Vincent the Magnificent loves his sister…sometimes too much. “I hold Sydney! I need to do tummy time too!” And then he plops himself down next to her – sometimes narrowly missing her head, sometimes accidentally (or on purpose) stepping on her hands or feet. Sibling love right?
For some reason, Sydney seems younger than Vinny when he turned 6 months. Probably because he did everything early – rolling and teeth at 4 months, crawling at 6 months, walking and words by 11 months… But that’s just who he is – he’s constantly busy, on the go. He’s quite independent and head strong. He knows what he wants, and he’s not shy about letting anyone know exactly what that might be. I wonder if Sydney’s personality will be similar to how she is as a baby – laid back and a little lazy. (Please, please, please don’t have Mommy’s anxiety!!)

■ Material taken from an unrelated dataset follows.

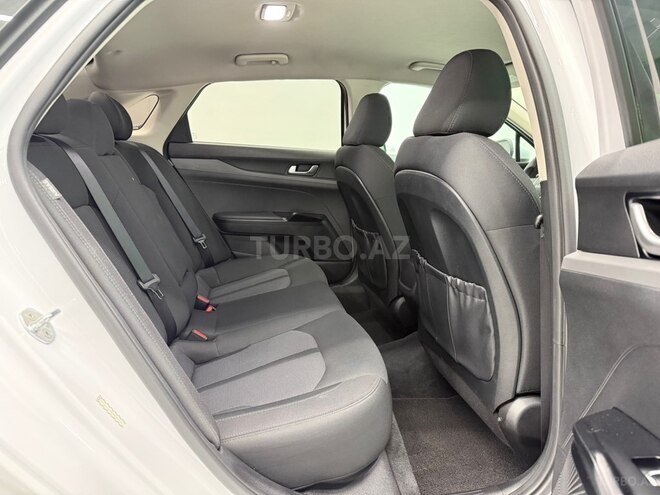 Kia K5-13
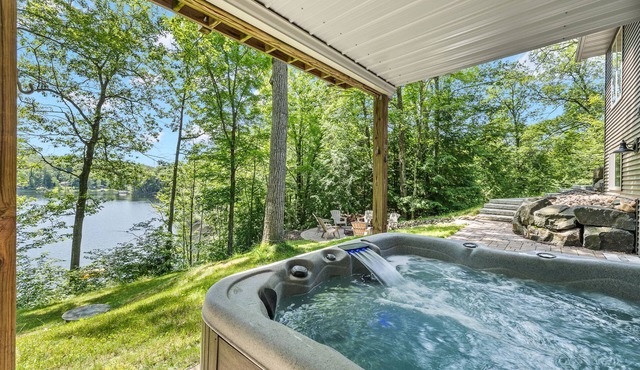 Lakefront Stay Near Harrison Hills Trails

Today also marks 6 months of exclusively breastfeeding (pumping at work) Sydney. While my big goal is still making it to one year with nursing, I’m super proud of myself for getting this far. Thankfully, we’ve had a fairly easy time with this journey so far. She’s latched well, my milk production has been just what she needs, I’ve been able to pump enough for when I go to work, and she’s growing like she should be. The fact that breastfeeding has been going so well makes me feel incredibly blessed. I even hate pumping less than I did before…probably because when I’m doing it at work I feel closer to Sydney, and when I’m doing it at home (since Syd sleeps through the night, sometimes I’ll pump before I go to bed just to add some to my freezer stash and so I don’t wake up with my breasts ready to explode) it’s still not quite as terrible.

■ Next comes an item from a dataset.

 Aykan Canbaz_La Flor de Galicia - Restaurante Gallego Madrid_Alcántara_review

The other day, for the first time ever, Vinny came up to me, pulled down my shirt, and said he wanted to eat like Sydney eats. Initially, I thought it was funny because he’s been wanting to do more “baby” things since Sydney has been born, so of course he’d want to eat like his sister. But it also made me feel kind of sad that I didn’t (couldn’t) breastfeed him. There’s such a closeness and connection I feel when I’m feeding Sydney. There’s nothing better than her falling asleep when she’s nursing. Vinny is (and has always been) such a Daddy’s boy. He’s my husband’s little buddy. Most of the time I think it’s adorable, but sometimes it makes me jealous. And then I go down the rabbit hole of thinking “maybe I should’ve really looked into figuring out how to breastfeed a baby who was adopted…did I make the right choices when he was younger in formula feeding him? Should I have gotten breastmilk donated? Etc. etc. etc.”

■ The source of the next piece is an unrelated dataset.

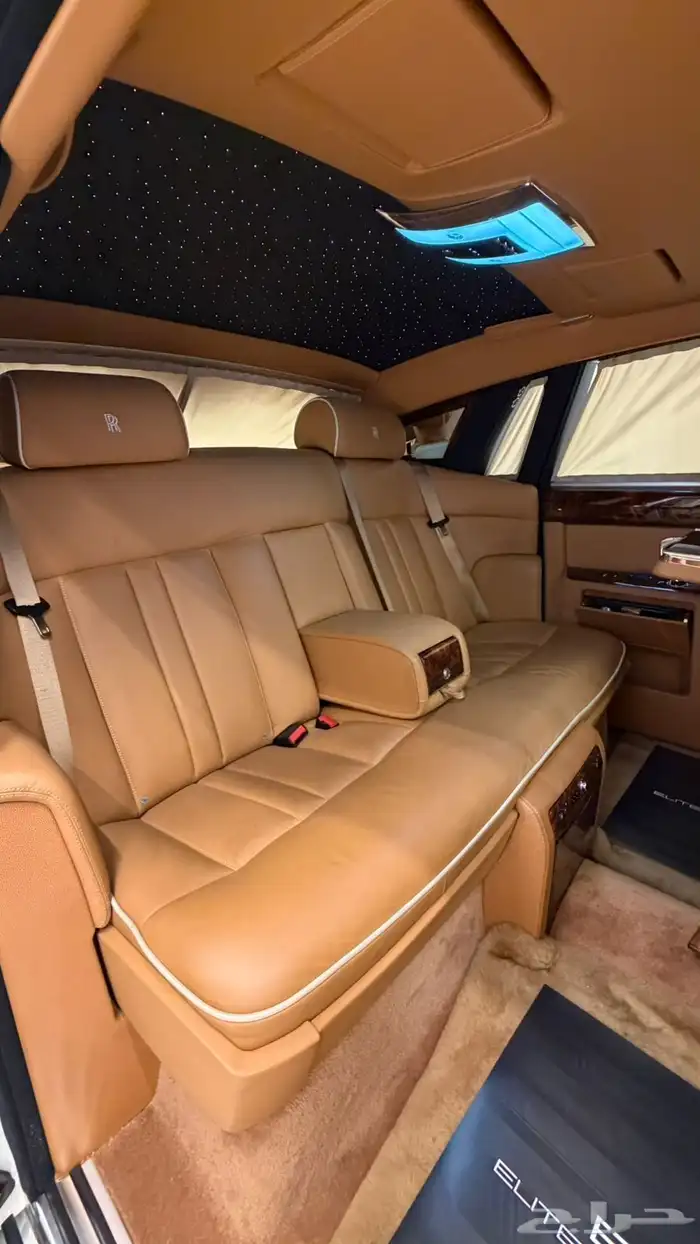 Rolls Royce phantom 2011 مخزن 12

I know my reasons for not choosing to try to breastfeed a baby I didn’t give birth to are valid, but, man, mom guilt is so real. If I’m being completely honest, I think that’s a big reason I so badly want to make it to a year (at least) breastfeeding Sydney. I couldn’t do it with Vinny, and I’m feeling guilty about it, so I want to breastfeed Sydney as long as I possibly can.
6 months went by way too quickly…this mama is just not ready for her kids to grow up!